« Pour les wokistes, la fin justifie tous les moyens » (Chloé Morin, politologue)

ENTRETIEN - Ils effraient souvent, indiffèrent parfois... Les militants néoféministes ou décoloniaux constituent-ils un phénomène de gauche radicale comme un autre ? Dans son dernier livre, Chloé Morin a mesuré l’ampleur du wokisme et le danger qu’il représente pour la démocratie.
Chloé Morin.
Chloé Morin. (Crédits : © ALAIN ROBERT/SIPA)

LA TRIBUNE DIMANCHE - Le wokisme, ou « éveil », déchaîne les passions entre les extrêmes. Comment définissez-vous ce phénomène, sachant que les militants eux-mêmes n'utilisent pas ce mot ?

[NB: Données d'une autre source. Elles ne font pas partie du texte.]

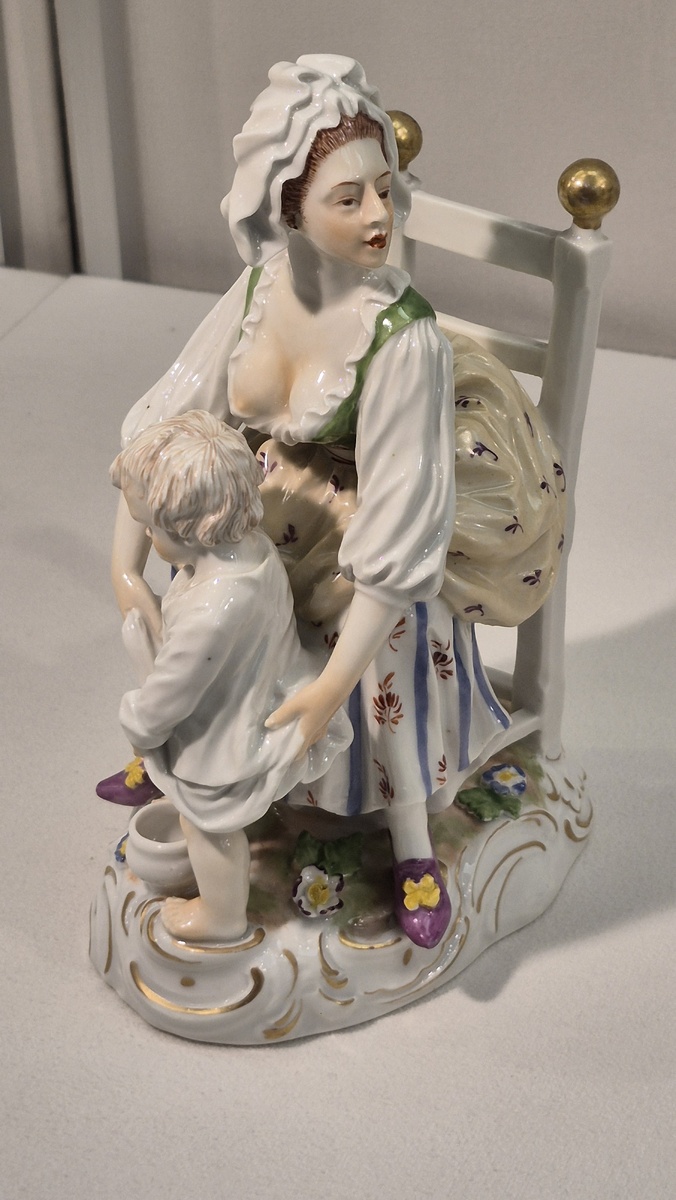 Венская фарфоровая мануфактура. Австрия Скульптурная группа "Хорошая мать", 1802 г. Фарфор, полихромная надглазурная роспись, золочение.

CHLOÉ MORIN - Il est vrai que nous sommes face à une nébuleuse de pensées, qui comprend notamment le néoféminisme et le décolonialisme. Il n'existe pas de définition qui fasse consensus dans le monde académique. Pour moi, le wokisme est une vision manichéenne, où le monde se compose uniquement de dominants et de dominés, chacun étant enfermé dans sa case étanche et sans autre perspective que le conflit. Les dominants, ce sont les hommes, l'Occident, Israël... Les dominés sont les femmes, les anciennes colonies, les Palestiniens... L'objectif poursuivi est simple : renverser les rapports de domination. Ce mode de pensée s'est installé dans les débats, dictant l'agenda médiatique grâce à une grande maîtrise des codes des réseaux sociaux et des médias d'information continue. Les activistes wokes considèrent que la fin justifie tous les moyens. Ainsi, ils n'hésitent pas à piétiner la présomption d'innocence, ou encore à intimider leurs cibles : des pièces de théâtre et des conférences ont été empêchées, la censure gagne dans l'édition et le cinéma, dans les entreprises. Par peur de représailles, de plus en plus de citoyens n'osent plus exprimer leur désaccord.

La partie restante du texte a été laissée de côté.